Stored data ->
^^^^^^^^^^^^^^^^

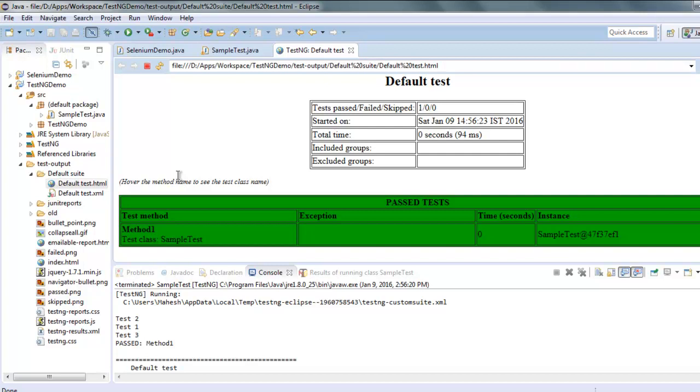Okay, so whenever you want to create HTML report with the help of TestNG, all you have to do is refresh your currently executed test class and then check test output folder. And from there you can go to the respective class folder or default suite folder where you have test.html created for your TestNG test.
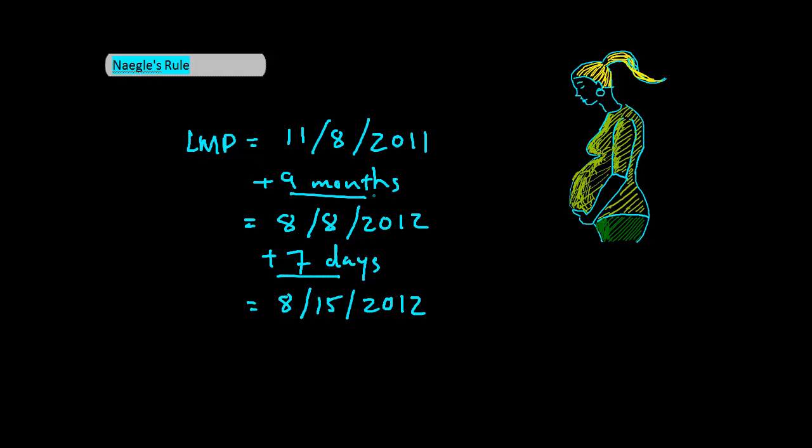Now during your OB rotation, you end up using a little pocket spinning wheel to come up with this number. And really only use the formula if you want to look slick in front of your patient and come up with an estimated date on the spot without an extra tool.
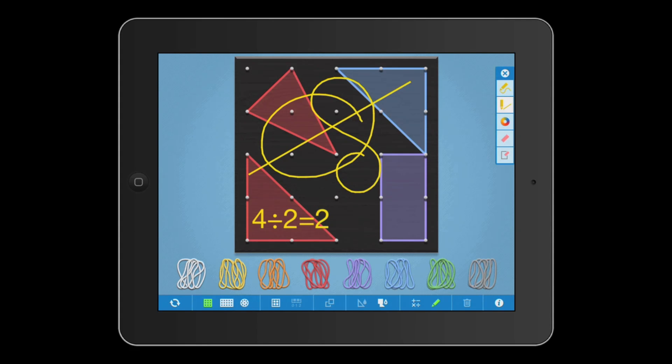For more information on how to use the GeoBoard app, tap the info button.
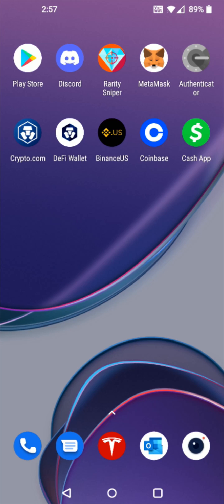Hey guys, in this video I'm going to walk you through the steps on how you go about selling cryptocurrency in the Binance application. For this example I'm going to be using Bitcoin, but whatever cryptocurrency you're going to be selling, it's going to be a similar process. So I'm going to launch the Binance application on my phone.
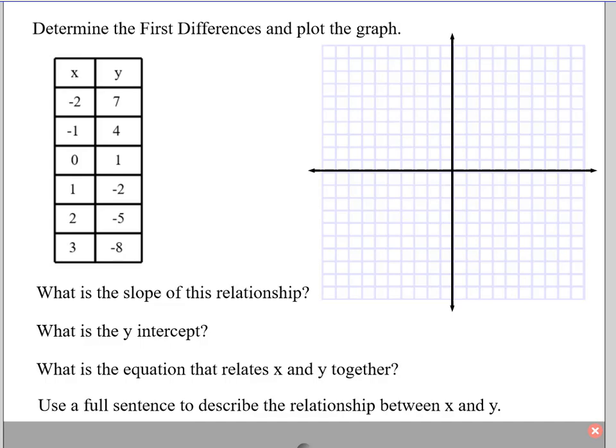Let's do a quick refresher. Determine the first differences and plot the graph. We've got a table of values here, and I'm going to grab a purple marker. If I plot these points, starting with 0, 1 — there's my first plot — then 1, negative 2; 2, negative 5; and 3, negative 8. And I should see a nice relationship. Let's see if I can draw a decent straight line.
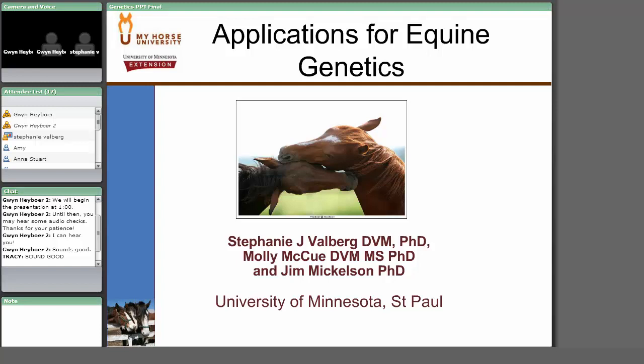Good afternoon and thanks for joining us. Welcome to the My Horse University and University of Minnesota's live webcast titled Applications for Equine Genetics. This presentation is the second of seven webcasts offered in a series to bring horse enthusiasts the most up-to-date information on equine genetics. This series is funded by the United States Department of Agriculture's National Research Initiative.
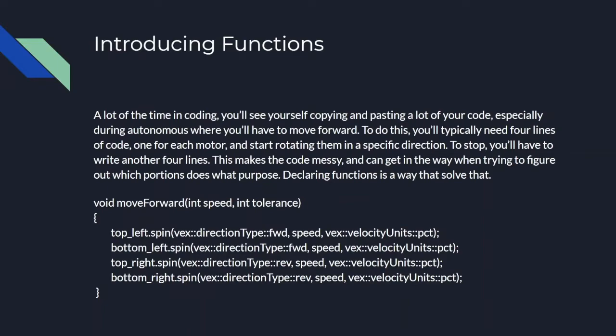This makes the code messy and long and can get in the way when you're trying to figure out what portions of the code does what. Declaring functions is a way to solve that. Here we see a sample move forward function that turns four motors named top left, bottom left, top right, and bottom right at a speed.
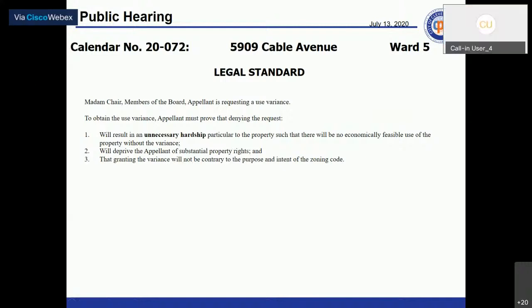Lori Wagner presents the legal standard for a use variance. To obtain a use variance, the appellant must prove that denying the request will result in an unnecessary hardship particular to the property such that there will be no economically feasible use of the property without the variance, will deprive the appellant of substantial property rights, and that granting the variance will not be contrary to the purpose and intent of the zoning code.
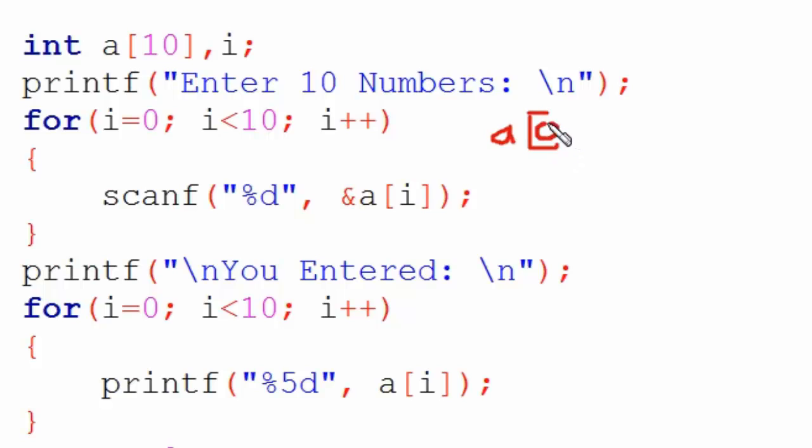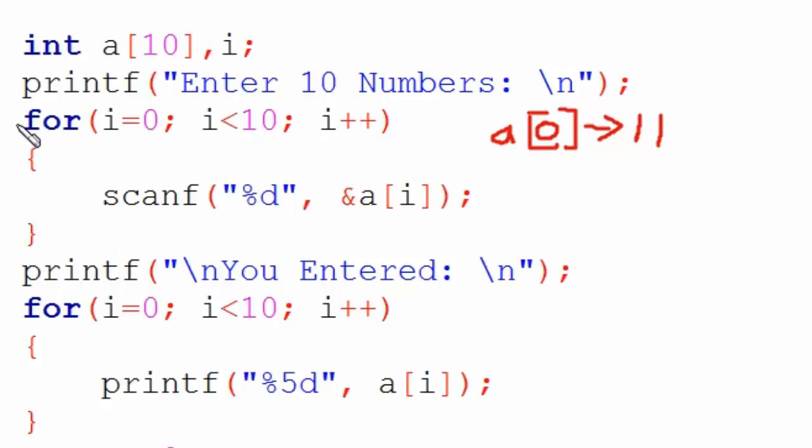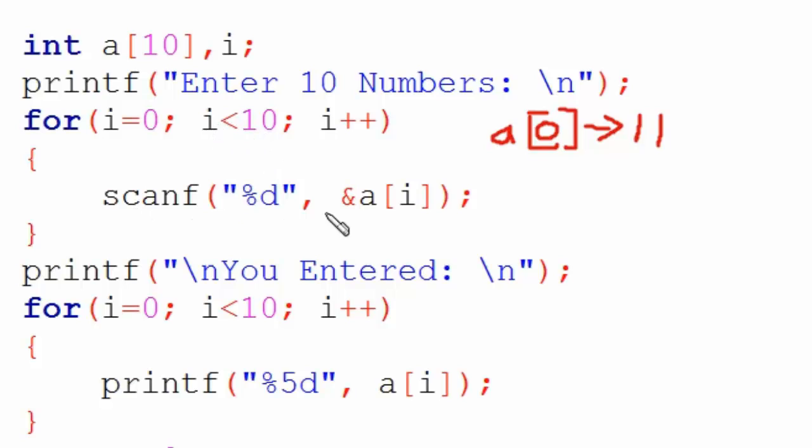In the first loop, i's value is zero. If the user inputs the number 11, it gets stored in a[0]. The second time the loop runs, i increases from zero to one. Since i equals 1 and the condition i less than 10 is still true, this line runs.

^^^^^^^^^^^^^^^^

Exercise aim -> Please set down the whole listing above exactly and skip every picture.

Exercise result ->
Okay, so whenever you want to create HTML report with the help of TestNG, all you have to do is refresh your currently executed test class and then check test output folder. And from there you can go to the respective class folder or default suite folder where you have test.html created for your TestNG test.
Now during your OB rotation, you end up using a little pocket spinning wheel to come up with this number. And really only use the formula if you want to look slick in front of your patient and come up with an estimated date on the spot without an extra tool.
For more information on how to use the GeoBoard app, tap the info button.
Hey guys, in this video I'm going to walk you through the steps on how you go about selling cryptocurrency in the Binance application. For this example I'm going to be using Bitcoin, but whatever cryptocurrency you're going to be selling, it's going to be a similar process. So I'm going to launch the Binance application on my phone.
Let's do a quick refresher. Determine the first differences and plot the graph. We've got a table of values here, and I'm going to grab a purple marker. If I plot these points, starting with 0, 1 — there's my first plot — then 1, negative 2; 2, negative 5; and 3, negative 8. And I should see a nice relationship. Let's see if I can draw a decent straight line.
Good afternoon and thanks for joining us. Welcome to the My Horse University and University of Minnesota's live webcast titled Applications for Equine Genetics. This presentation is the second of seven webcasts offered in a series to bring horse enthusiasts the most up-to-date information on equine genetics. This series is funded by the United States Department of Agriculture's National Research Initiative.
This makes the code messy and long and can get in the way when you're trying to figure out what portions of the code does what. Declaring functions is a way to solve that. Here we see a sample move forward function that turns four motors named top left, bottom left, top right, and bottom right at a speed.
Lori Wagner presents the legal standard for a use variance. To obtain a use variance, the appellant must prove that denying the request will result in an unnecessary hardship particular to the property such that there will be no economically feasible use of the property without the variance, will deprive the appellant of substantial property rights, and that granting the variance will not be contrary to the purpose and intent of the zoning code.
In the first loop, i's value is zero. If the user inputs the number 11, it gets stored in a[0]. The second time the loop runs, i increases from zero to one. Since i equals 1 and the condition i less than 10 is still true, this line runs.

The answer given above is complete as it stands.